S., una mia amica che era a Genova, con cui ho condiviso il link dell’intervista a Cottarelli, mi ha risposto così: «Fanculo a tutti quelli che si permettono di dire 20 anni fa avevano ragione e 20 anni fa erano dall’altra parte a giudicare, ad additare, a prendere le distanze, ad infangare… Fanculo».

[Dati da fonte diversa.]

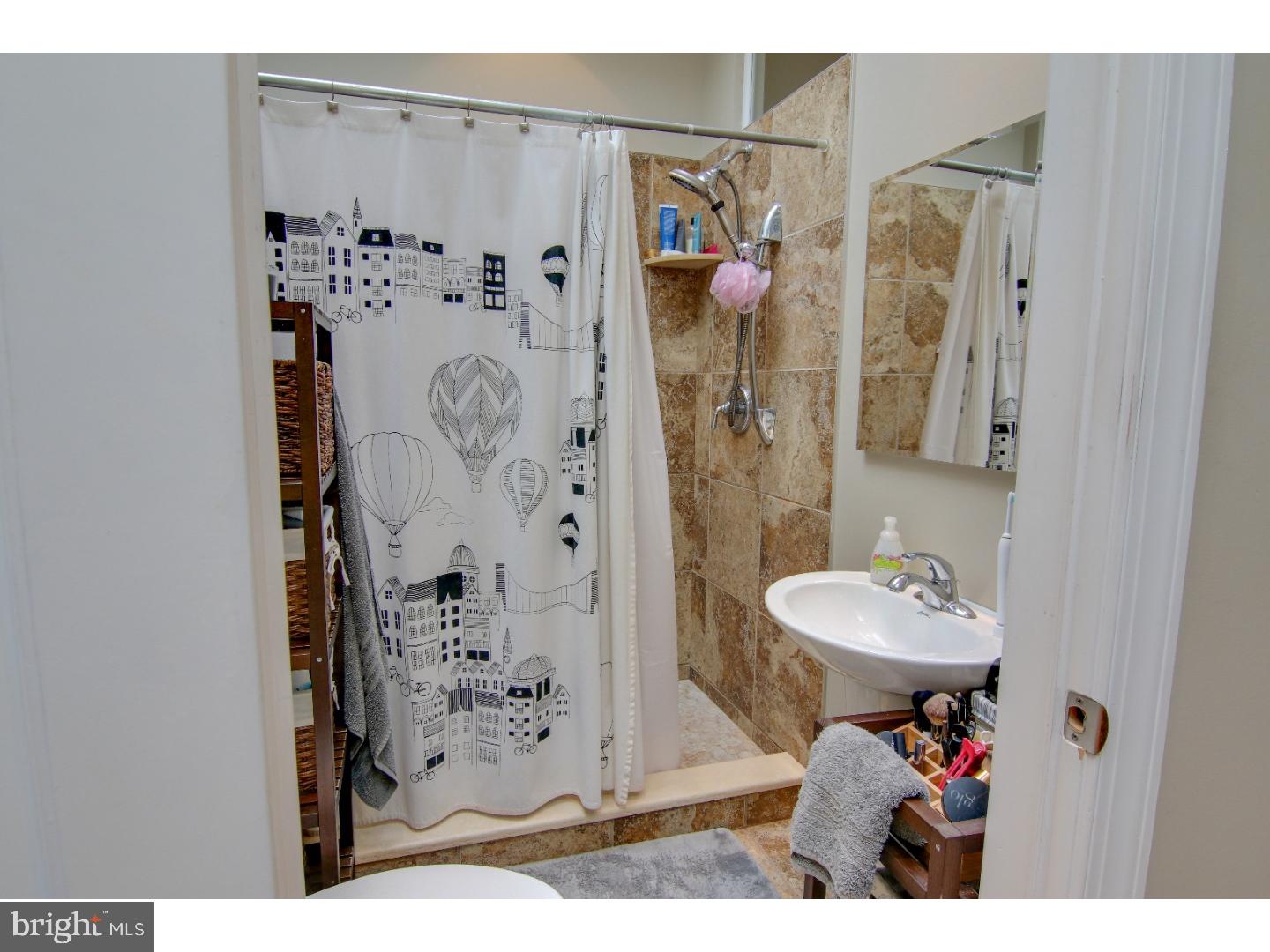 GRADUATE HOSPITAL - Residential Lease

Credo abbia profondamente ragione. Se ripenso a quel movimento del 2001 e torno alla mia esperienza personale maturata in quegli anni in Chiapas e in Honduras, sono convinto che quel movimento debba tantissimo ai popoli e ai movimenti indigeni. Vent’anni dopo, purtroppo, la «questione indigena» oggi è rimossa, dopo il grande protagonismo – in particolare in America Latina – nella prima decade del Duemila. Il legame diretto con la Madre Terra e una visione sistemica che vede l’essere umano in relazione diretta con gli altri elementi naturali, quelli che nel mondo occidentale definiamo «beni comuni», alimenta una straordinaria capacità di analisi. Avevano già capito anche che per frenare gli effetti disastrosi dei cambiamenti climatici avremmo dovuto limitare l’impatto antropico, ma nessuno ci ha ascoltati.

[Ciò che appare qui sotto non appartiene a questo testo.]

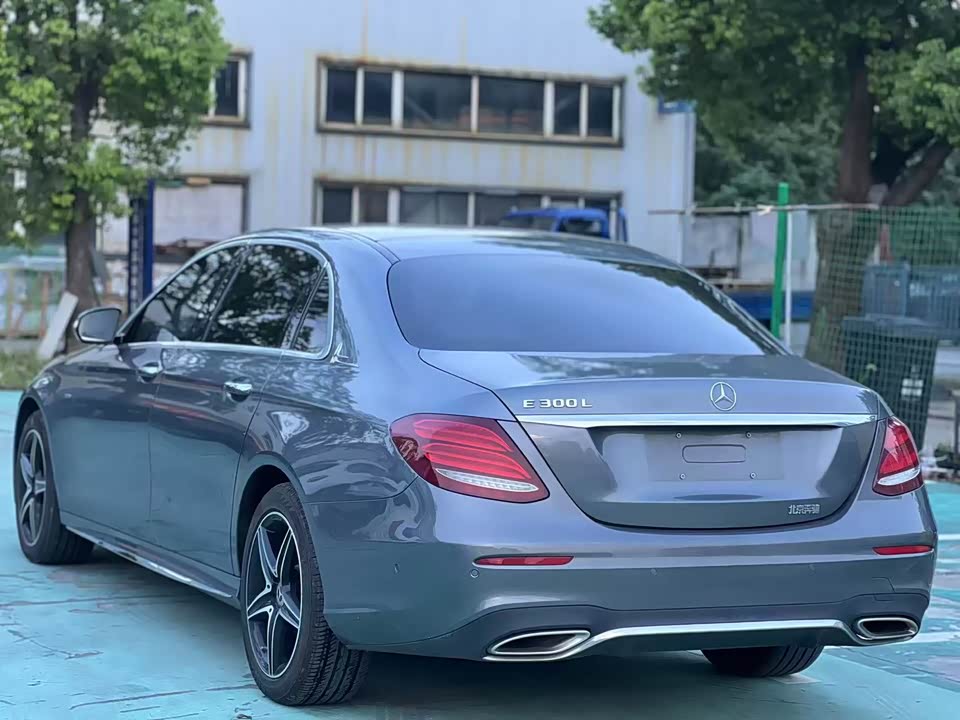 Mercedes-Benz E-class Mercedes-Benz E-class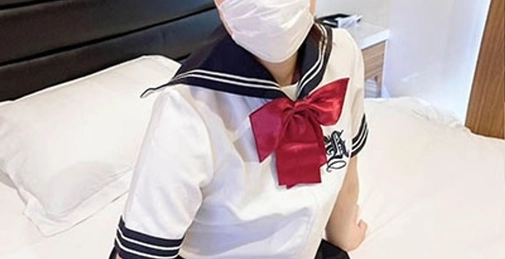 FC2PPV-4607600 Exclusive【18歳】**zzjynyzjjn 清楚系・童顔の制服リフレの回春マッサージ＆おじさんペニスねぶりでいたずら射精焦らし～の興奮MAXで膣奥深くまで激ピストンのガチハメセックス! []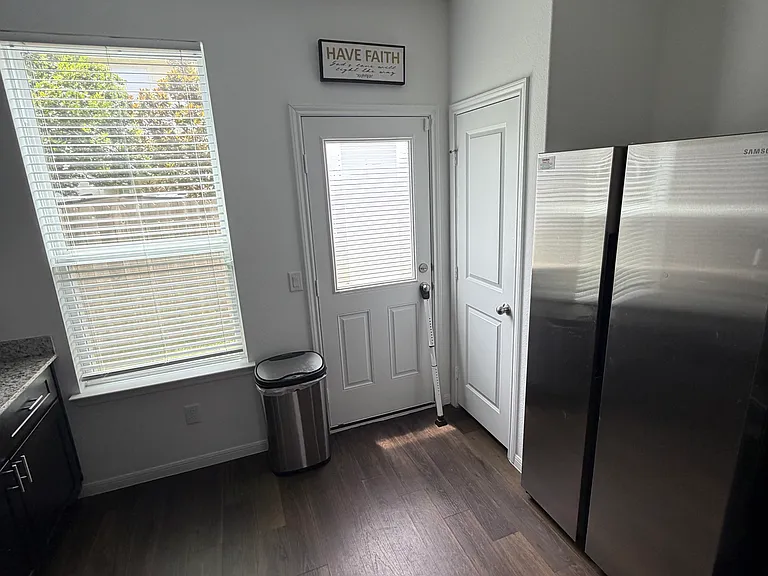 10110 Clearwick St — Photo 11
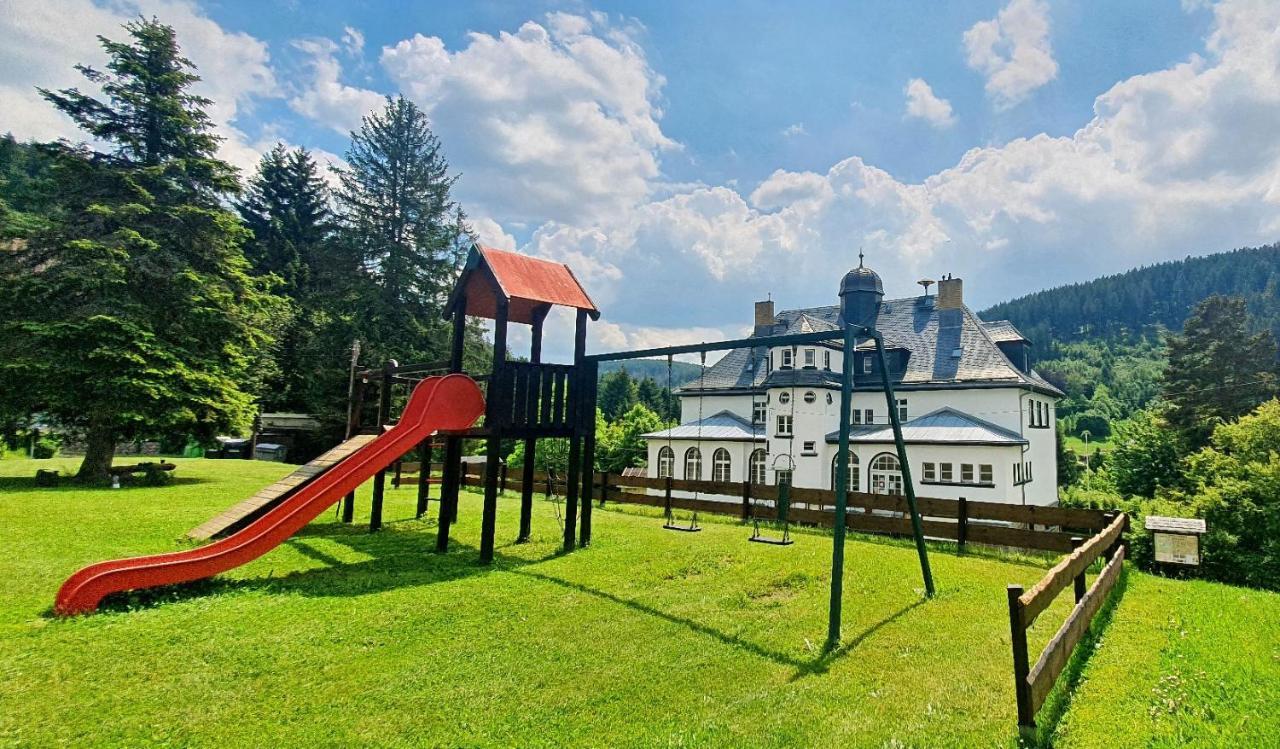 Waldhotel Feldbachtal Нойхаус ам Ренвег Екстериор снимка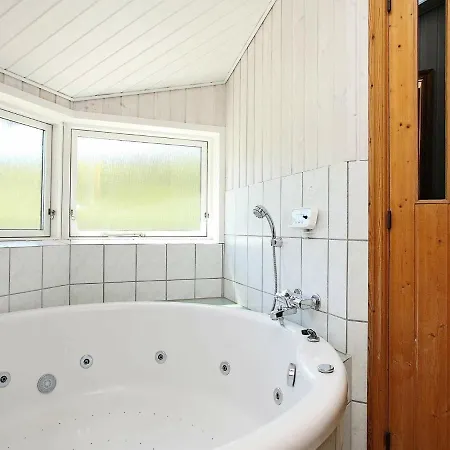 Comfortable Holiday Home In Fjerritslev With Fishing Pond Holiday home *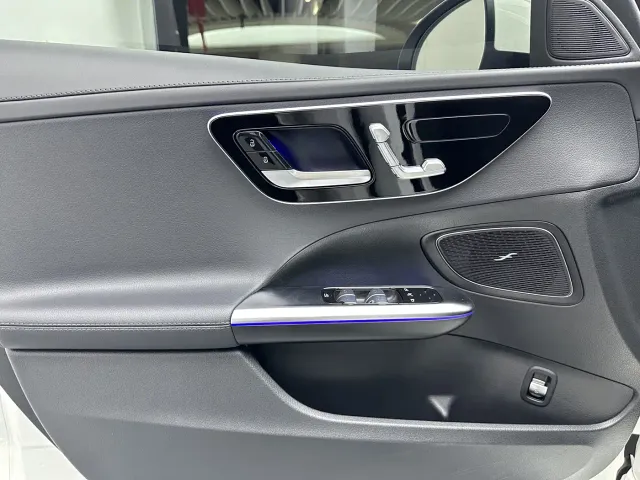 Mercedes-Benz C-Class — Фото автомобиля 20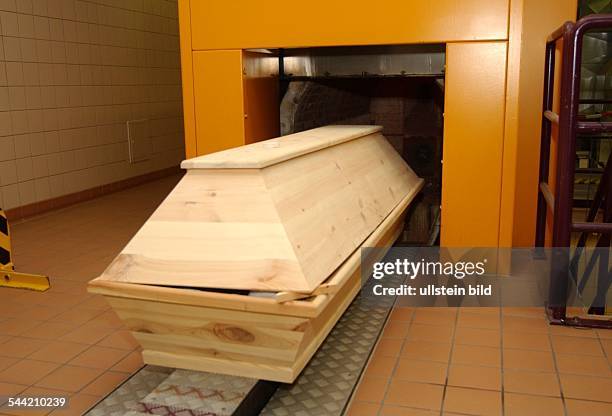 Feuerbestattung: Sarg in der Verbrennungsanlage eines Krematoriums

Ripenso all’esempio di Berta Caceres, leader indigena lenca in Honduras, fondatrice del COPINH. È stata uccisa cinque anni fa, nella notte tra il 2 e il 3 marzo 2016. Solo quest’anno, a inizio luglio, è arrivata la condanna del presidente della società idroelettrica incaricata di realizzare una diga sul fiume Gualcarque, corso d’acqua sacro per gli indigeni lenca. È stato considerato co-autore del delitto. Quando conobbi Berta, nei primi anni Duemila, quindi a cavallo di Genova, il suo COPINH con altre due organizzazioni in Guatemala e in Messico stava «montando» una campagna popolare contro le «IFIS», le istituzioni finanziarie internazionali, cioè le banche multilaterali che prestavano risorse per macro e micro-progetti, spesso legati allo sviluppo di energia da fonti rinnovabili ma che non tenevano assolutamente in considerazione gli effetti di quegli interventi sui popoli originari, sugli indigeni. Lei sapeva leggere la connessione estrema tra questi aspetti.
Un anno prima di essere ammazzata, a San Francisco in California aveva ricevuto il premio Goldman, Nobel alternativo per l’ambiente. Quel giorno pronunciò un discorso di tre minuti che ancora oggi mi scuote quando l’ascolto: «Svegliamoci! Svegliati umanità! Non c’è più tempo. Le nostre coscienze saranno scosse dal fatto che stiamo solo contemplando l’autodistruzione basata sulla predazione capitalista, razzista e patriarcale. Il fiume Gualcarque ci ha chiamato, così come gli altri che sono seriamente minacciati. Dobbiamo andare. La Madre Terra militarizzata, recintata, avvelenata, dove i diritti elementari sono sistematicamente violati, ci chiede di agire. Costruiamo società in grado di coesistere in modo giusto, dignitoso e per la vita». Un altro mondo (è) possibile.